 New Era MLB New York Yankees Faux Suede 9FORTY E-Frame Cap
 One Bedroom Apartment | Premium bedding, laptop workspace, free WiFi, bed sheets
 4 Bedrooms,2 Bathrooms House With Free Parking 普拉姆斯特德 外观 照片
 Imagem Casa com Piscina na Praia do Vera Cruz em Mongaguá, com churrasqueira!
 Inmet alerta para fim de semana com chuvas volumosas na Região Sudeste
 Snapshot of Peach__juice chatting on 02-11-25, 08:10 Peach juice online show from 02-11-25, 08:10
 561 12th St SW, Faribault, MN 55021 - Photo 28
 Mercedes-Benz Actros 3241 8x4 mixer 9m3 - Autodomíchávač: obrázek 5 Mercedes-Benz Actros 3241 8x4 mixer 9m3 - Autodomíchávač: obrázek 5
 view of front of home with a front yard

TASK DETAILS:
Top to bottom, set down the entries above word for word.

TASK RESPONSE:
 New Era MLB New York Yankees Faux Suede 9FORTY E-Frame Cap
 One Bedroom Apartment | Premium bedding, laptop workspace, free WiFi, bed sheets
 4 Bedrooms,2 Bathrooms House With Free Parking 普拉姆斯特德 外观 照片
 Imagem Casa com Piscina na Praia do Vera Cruz em Mongaguá, com churrasqueira!
 Inmet alerta para fim de semana com chuvas volumosas na Região Sudeste
 Snapshot of Peach__juice chatting on 02-11-25, 08:10 Peach juice online show from 02-11-25, 08:10
 561 12th St SW, Faribault, MN 55021 - Photo 28
 Mercedes-Benz Actros 3241 8x4 mixer 9m3 - Autodomíchávač: obrázek 5 Mercedes-Benz Actros 3241 8x4 mixer 9m3 - Autodomíchávač: obrázek 5
 view of front of home with a front yard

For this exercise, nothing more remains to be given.